------ Records for processing ------
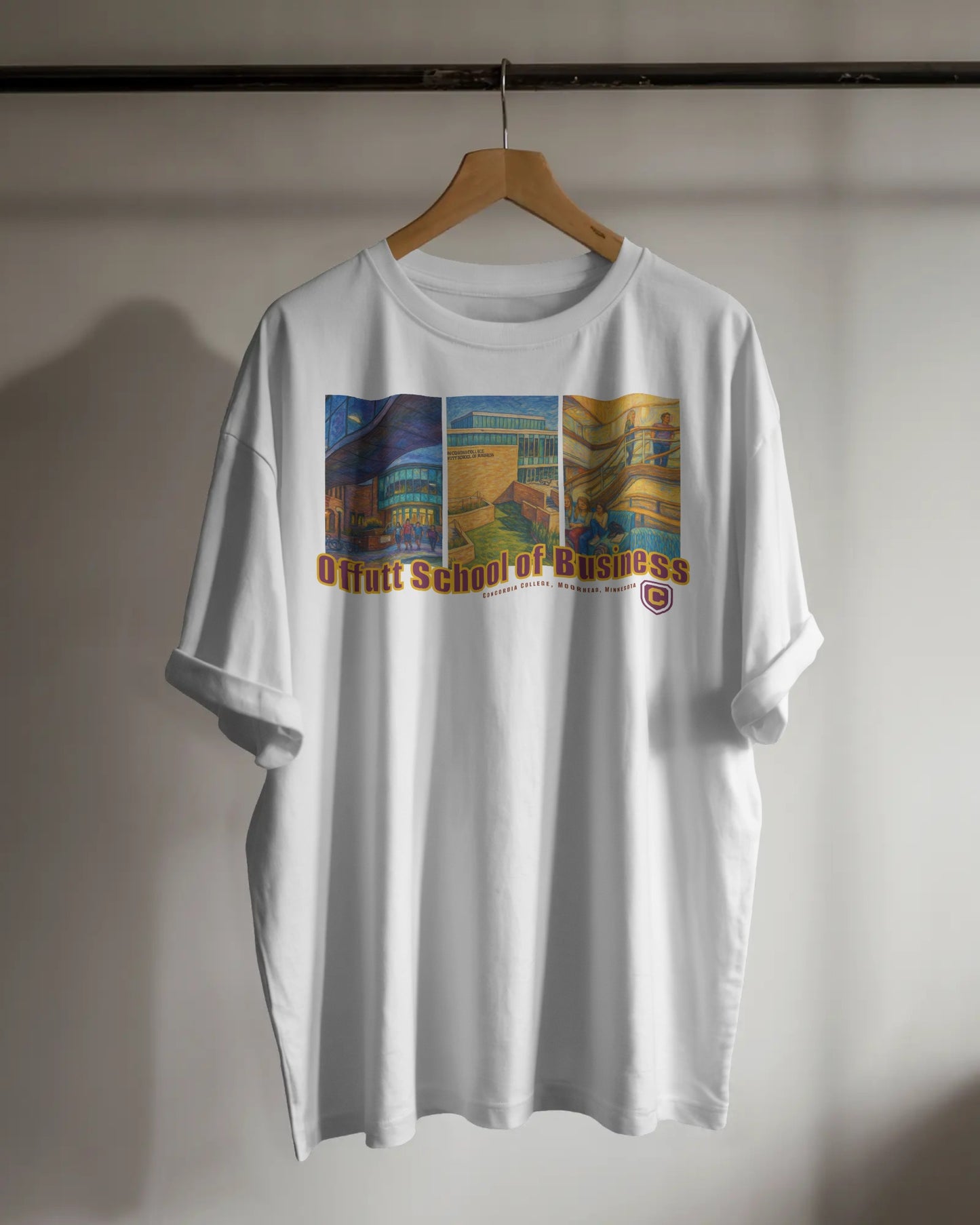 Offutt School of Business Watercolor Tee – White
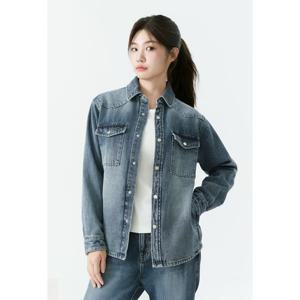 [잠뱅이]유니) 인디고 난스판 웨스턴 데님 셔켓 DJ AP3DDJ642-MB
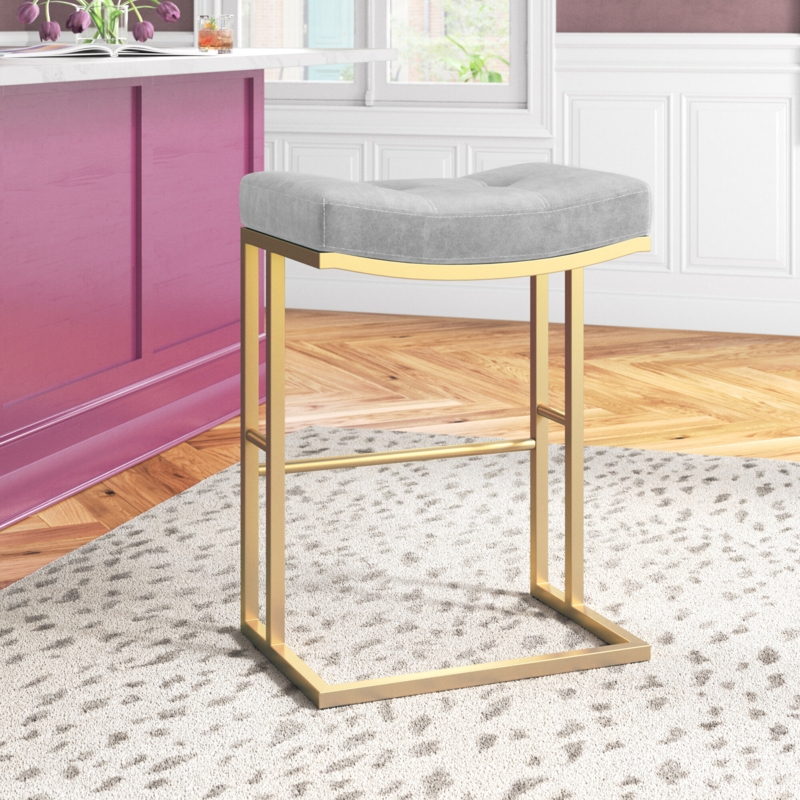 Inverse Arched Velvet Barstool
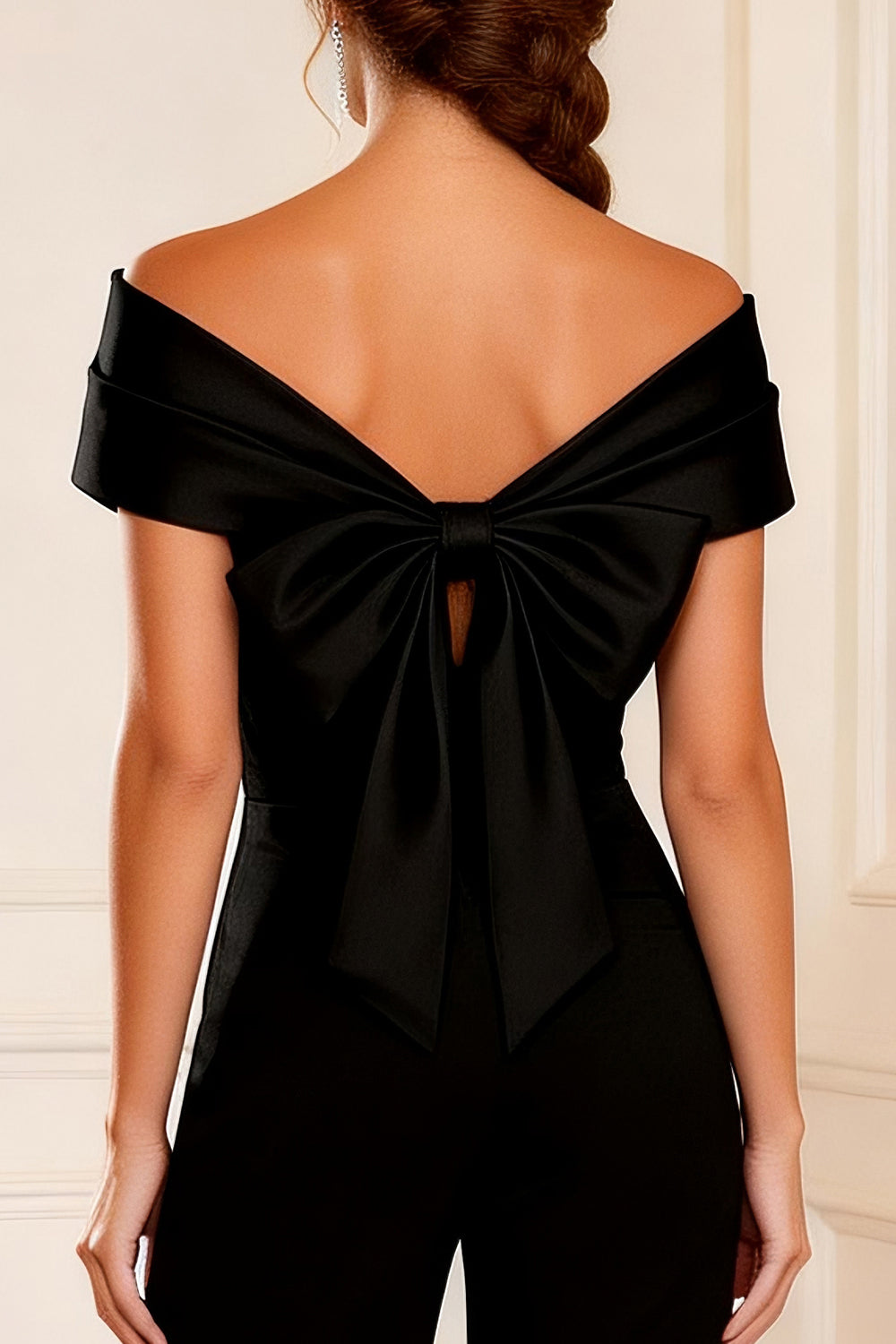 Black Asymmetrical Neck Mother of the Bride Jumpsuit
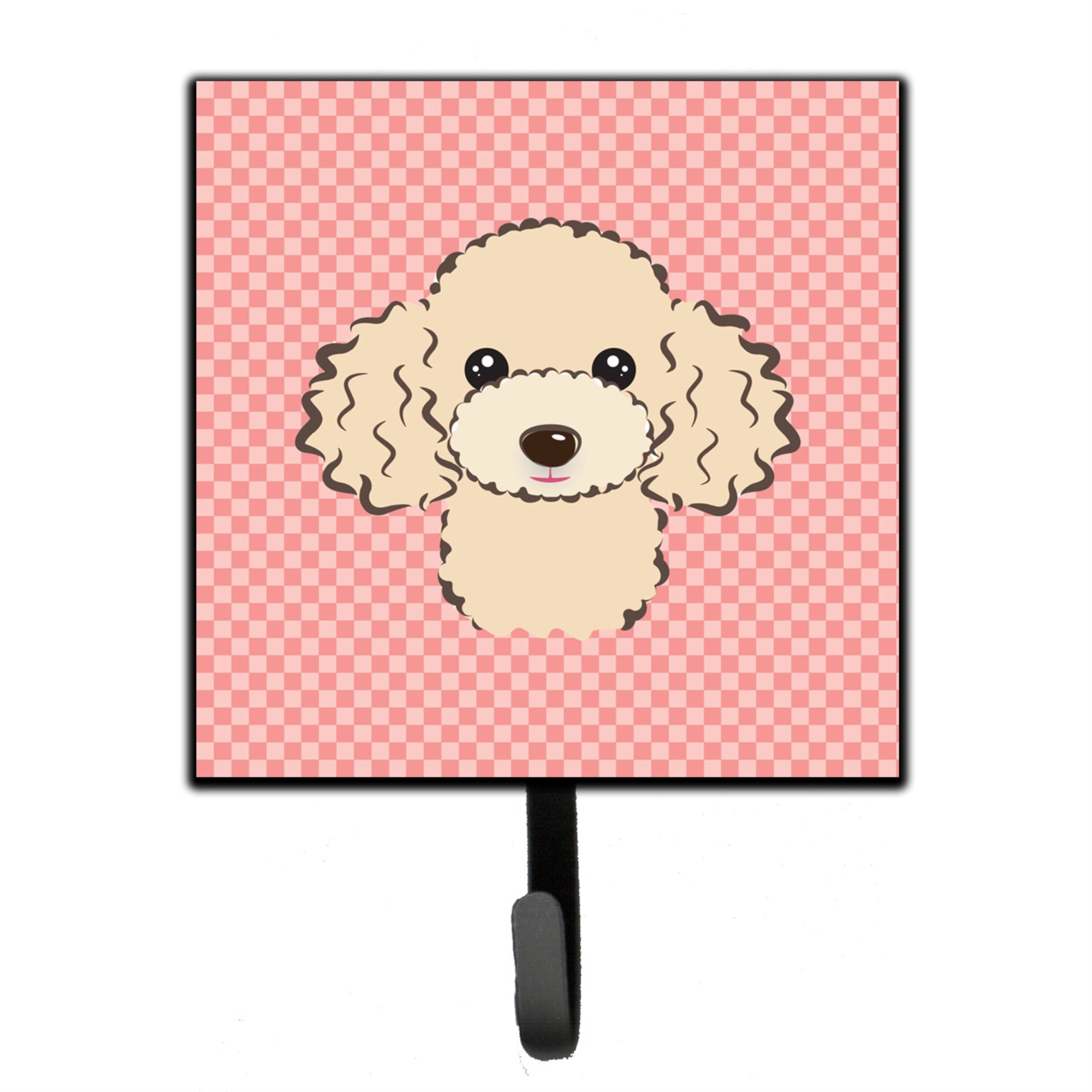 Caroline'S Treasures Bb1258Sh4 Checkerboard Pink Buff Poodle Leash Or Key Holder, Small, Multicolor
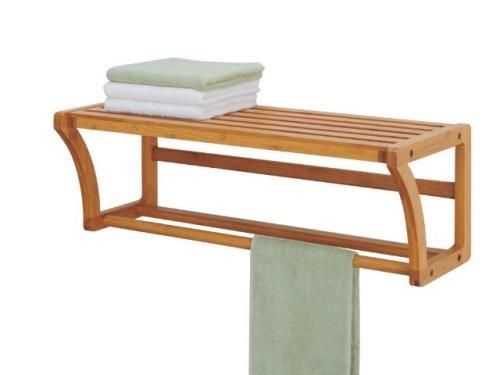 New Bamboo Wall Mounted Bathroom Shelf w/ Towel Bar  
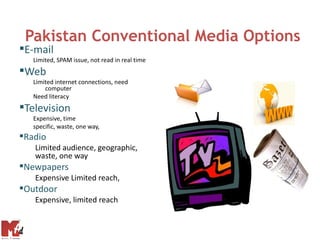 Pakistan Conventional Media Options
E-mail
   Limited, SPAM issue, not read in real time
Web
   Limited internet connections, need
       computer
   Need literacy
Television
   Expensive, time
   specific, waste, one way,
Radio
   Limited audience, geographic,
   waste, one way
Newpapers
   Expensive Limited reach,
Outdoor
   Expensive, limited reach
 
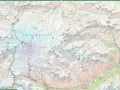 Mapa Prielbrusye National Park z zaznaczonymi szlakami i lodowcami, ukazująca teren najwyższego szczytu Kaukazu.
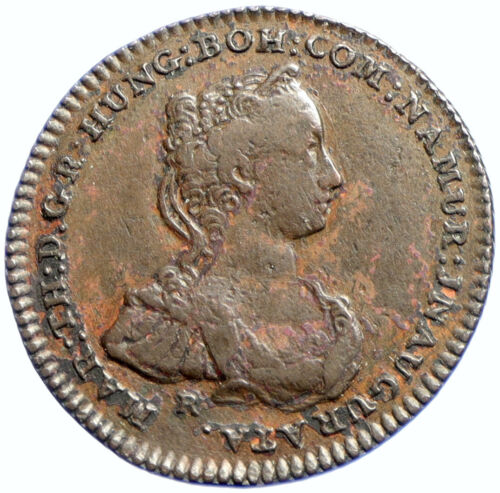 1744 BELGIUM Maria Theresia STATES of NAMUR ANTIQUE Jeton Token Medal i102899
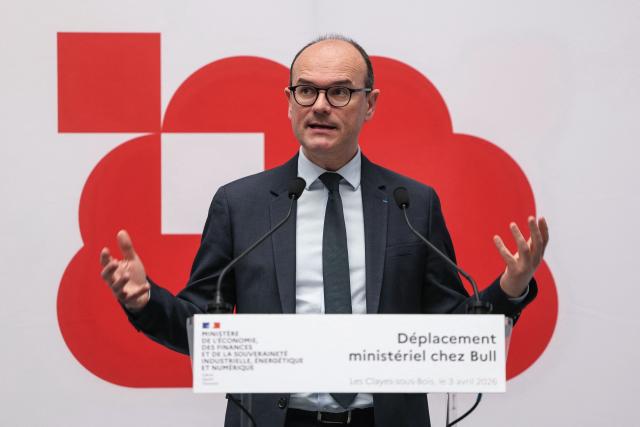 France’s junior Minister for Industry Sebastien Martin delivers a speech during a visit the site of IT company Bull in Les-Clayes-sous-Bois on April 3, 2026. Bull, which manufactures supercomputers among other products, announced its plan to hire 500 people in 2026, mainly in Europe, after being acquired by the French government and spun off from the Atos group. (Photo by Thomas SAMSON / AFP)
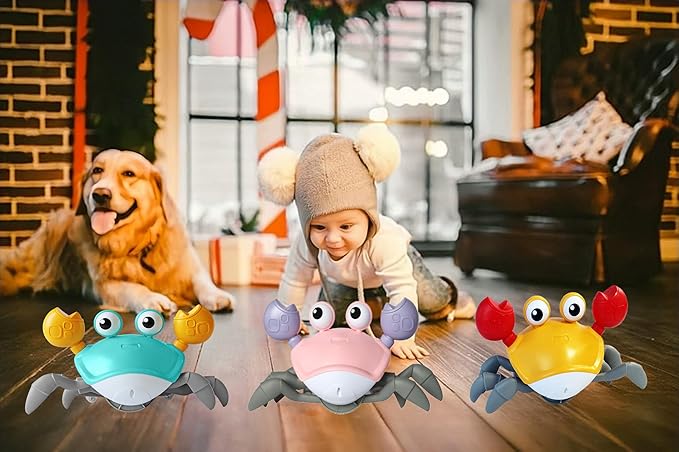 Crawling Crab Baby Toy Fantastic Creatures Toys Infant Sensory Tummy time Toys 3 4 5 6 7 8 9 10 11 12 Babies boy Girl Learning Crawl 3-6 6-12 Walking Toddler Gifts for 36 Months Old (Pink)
------
• Required work
What is needed is an exact copy of the lines from the start of the records through the line containing "1744 BELGIUM Maria", with no pictures.

• Your solution
 Offutt School of Business Watercolor Tee – White
 [잠뱅이]유니) 인디고 난스판 웨스턴 데님 셔켓 DJ AP3DDJ642-MB
 Inverse Arched Velvet Barstool
 Black Asymmetrical Neck Mother of the Bride Jumpsuit
 Caroline'S Treasures Bb1258Sh4 Checkerboard Pink Buff Poodle Leash Or Key Holder, Small, Multicolor
 New Bamboo Wall Mounted Bathroom Shelf w/ Towel Bar  
 Pakistan Conventional Media Options
E-mail
   Limited, SPAM issue, not read in real time
Web
   Limited internet connections, need
       computer
   Need literacy
Television
   Expensive, time
   specific, waste, one way,
Radio
   Limited audience, geographic,
   waste, one way
Newpapers
   Expensive Limited reach,
Outdoor
   Expensive, limited reach
 
 Mapa Prielbrusye National Park z zaznaczonymi szlakami i lodowcami, ukazująca teren najwyższego szczytu Kaukazu.
 1744 BELGIUM Maria Theresia STATES of NAMUR ANTIQUE Jeton Token Medal i102899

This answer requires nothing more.